2. The fight against IS in Syria and Iraq is undoubtedly important and significant, but we are far from the point of success. Driving IS from its territorial stronghold will inhibit the group’s local expansion efforts, curb its recruitment, and impede-to an extent-its external operations. But IS will adapt to the current environment, and will remain relevant in the middle term. Moreover, even as we make gains against IS, we’ve done little to curb AQ’s global activities.

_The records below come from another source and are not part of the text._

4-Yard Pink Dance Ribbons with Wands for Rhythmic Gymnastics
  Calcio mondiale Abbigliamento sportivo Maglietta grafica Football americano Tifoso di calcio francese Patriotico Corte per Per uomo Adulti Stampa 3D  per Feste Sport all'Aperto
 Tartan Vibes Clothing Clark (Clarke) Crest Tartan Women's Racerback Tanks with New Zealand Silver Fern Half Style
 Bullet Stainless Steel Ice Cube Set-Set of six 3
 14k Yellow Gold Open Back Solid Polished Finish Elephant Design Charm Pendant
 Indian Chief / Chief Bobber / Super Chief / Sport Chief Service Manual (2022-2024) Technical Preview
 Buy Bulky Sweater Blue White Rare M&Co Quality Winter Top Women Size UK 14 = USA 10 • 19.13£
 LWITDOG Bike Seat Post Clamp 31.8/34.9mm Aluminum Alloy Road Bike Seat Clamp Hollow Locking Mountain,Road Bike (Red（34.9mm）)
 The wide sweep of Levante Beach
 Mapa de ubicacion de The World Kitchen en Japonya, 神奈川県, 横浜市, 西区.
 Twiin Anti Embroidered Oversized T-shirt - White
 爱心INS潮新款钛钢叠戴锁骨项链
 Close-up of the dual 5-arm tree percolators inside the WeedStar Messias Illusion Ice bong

Sam Mullins, Professor of Counterterrorism, George C. Marshall European Center for Security Studies
Since the attacks in Paris last year, certainly some progress has been made. Numerous European countries have strengthened their counter-terrorism capabilities to varying degrees and there is renewed political will and commitment to sharing of information between agencies and across borders. Many ISIS operatives have also been captured or killed, both in Europe and the Middle East (most notably Abu Muhammad al-Adnani, who served as chief of ISIS’s external operations) and the group is losing territory in Syria and Iraq on a daily basis. So ISIS is considerably worse off than a year ago and that makes it more difficult for them to plan and launch attacks. That said, there are certainly no grounds for complacency. The sheer scale of the threat today is placing counter-terrorism agencies under tremendous strain and it is simply impossible to monitor hundreds of suspects around the clock. As the physical “Caliphate” is destroyed it is likely that more foreign fighters will attempt to flee and in some cases come to Europe. There will also be added motivation among violent jihadists to conduct attacks in the West in order to get revenge. At the same time, wide-spread use of encryption makes it far more difficult to intercept and monitor terrorists’ communications, while continued refugee flows may obscure their travel (although it is worth emphasizing that the vast majority of refugees are genuine). Finally, terrorists have repeatedly shown that they can readily obtain automatic weapons. The bottom line is that although our security services are doing a fantastic job, more attacks are inevitable. The vast majority of attacks will be small-scale, while mass-casualty events like in Paris will remain relatively rare. Nevertheless, the continued occurrence of even smaller attacks appears to be taking a toll on Western society that plays into the terrorists’ strategy to provoke and polarize society and ultimately mobilize more supporters. So while much has been achieved since the attacks in Paris and ISIS is now clearly on a downward trajectory for now, violent jihadist terrorism will remain a significant challenge for many years to come.